Jakarta (ANTARA) - Komisioner Komisi Nasional Perempuan (Komnas Perempuan) Satywanti Mashudi mengomentari terkait wacana sekolah khusus bagi korban kekerasan seksual, yang menurutnya tidak boleh eksklusif, agar tidak menurunkan rasa percaya diri mereka saat menekuni berbagai kegiatan di sekolah.
“Mungkin cuma catatannya, jangan sampai nanti sekolah khusus ini menjadi sesuatu yang eksklusif gitu saja, karena tujuannya kan inklusi ya, sehingga kemudian nanti kalau jadinya eksklusif malah itu akan lebih memberatkan buat korban,” kata Satywanti Mashudi dalam kegiatan kampanye 16HAKTP secara daring yang dipantau dari Jakarta, Senin.

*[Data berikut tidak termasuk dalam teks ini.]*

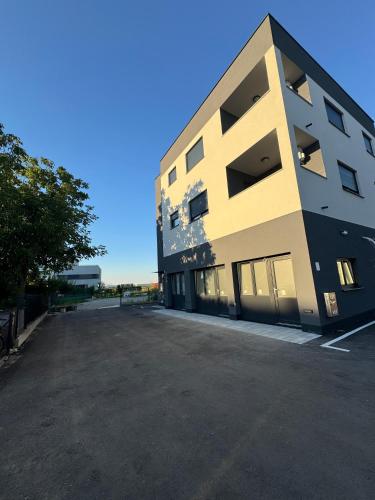 Gallery image of Rooms Matić 3 in Velika Mlaka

Jika sekolah khusus tersebut memang dibentuk hanya untuk para korban kekerasan seksual, menurut dia, justru lebih memberatkan para korban yang dikumpulkan menjadi satu ruangan belajar.
Justru yang lebih penting dalam hal ini, kata dia, adalah terus memberikan edukasi kepada masyarakat dan juga lingkungan agar tidak terus menerus memberikan stigma negatif kepada korban kekerasan seksual.

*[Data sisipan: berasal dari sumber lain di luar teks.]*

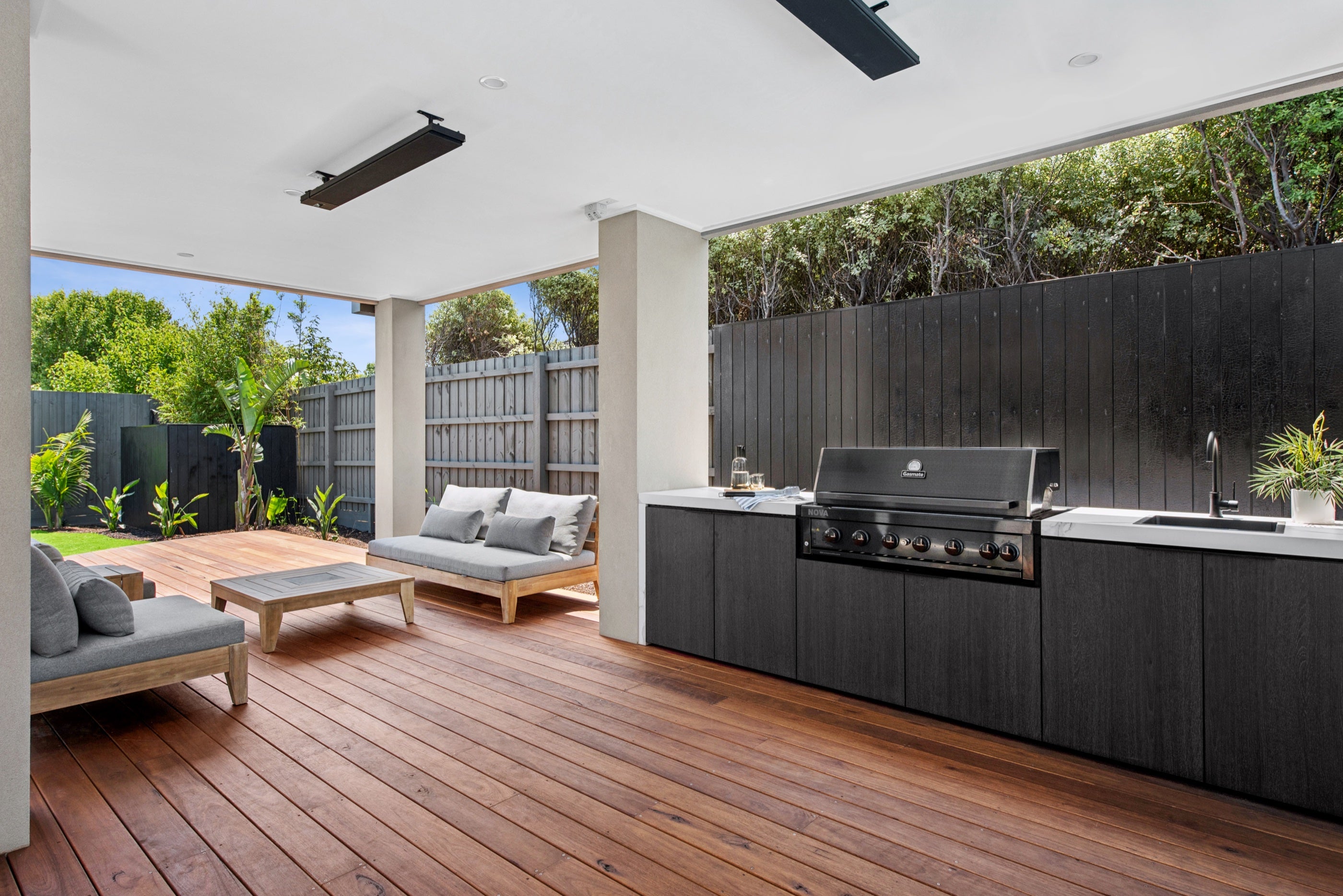 Cabinex outdoor kitchen and entertaining area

“Kalau jadinya eksklusif malah itu akan lebih memberatkan buat korban, karena dia menjadi terekslusi dari lingkungan dan sebagainya. Sementara yang menjadi fokus itu kan sebenarnya bagaimana kemudian edukasi publik, untuk tidak terus-menerus bersikap menyalahkan korban,” kata dia.
Sementara itu Sekretaris Nasional Forum Pengada Layanan Novitas Sari mengapresiasi langkah pemerintah untuk terus menanggulangi berbagai masalah terkait kekerasan seksual di satuan pendidikan, baik di tingkat dasar hingga perguruan tinggi.
“Sebenarnya ada satu hal yang harus diapresiasi dari pemerintah dalam hal ini terkait Kementerian Pendidikan , bahwa sudah banyak lahir regulasi yang akan memperkuat penanganan kasus kekerasan, baik itu di tingkat sekolah dasar, menengah, bahkan sampai perguruan tinggi gitu,” kata Novitas Sari.
Peraturan tersebut antara lain Permendikbudristek Nomor 55 tahun 2024 Tentang Pencegahan dan Penanganan Kekerasan Seksual (PPKS) di Perguruan Tinggi. Peraturan itu mengatur bahwa perguruan tinggi wajib melakukan penanganan kekerasan seksual melalui pendampingan, perlindungan, pengenaan sanksi administratif, dan pemulihan korban.
Selanjutnya terdapat juga Permendikbudristek Nomor 46 Tahun 2023 yang terkait Tentang Pencegahan dan Penanganan Kekerasan di Lingkungan Satuan Pendidikan, yang bertujuan mencegah dan menangani kekerasan seksual, perundungan, diskriminasi, dan intoleransi di lingkungan pendidikan.
Terkait wacana hadirnya sekolah khusus bagi korban kekerasan seksual juga sudah didukung oleh Wakil Presiden (Wapres) Gibran Rakabuming Raka. Ia menyambut baik dan mendukung ide dari Menteri Pendidikan Dasar dan Menengah (Mendikdasmen) Abdul Mu'ti yang ingin membangun sekolah khusus untuk anak-anak yang menjadi korban kekerasan.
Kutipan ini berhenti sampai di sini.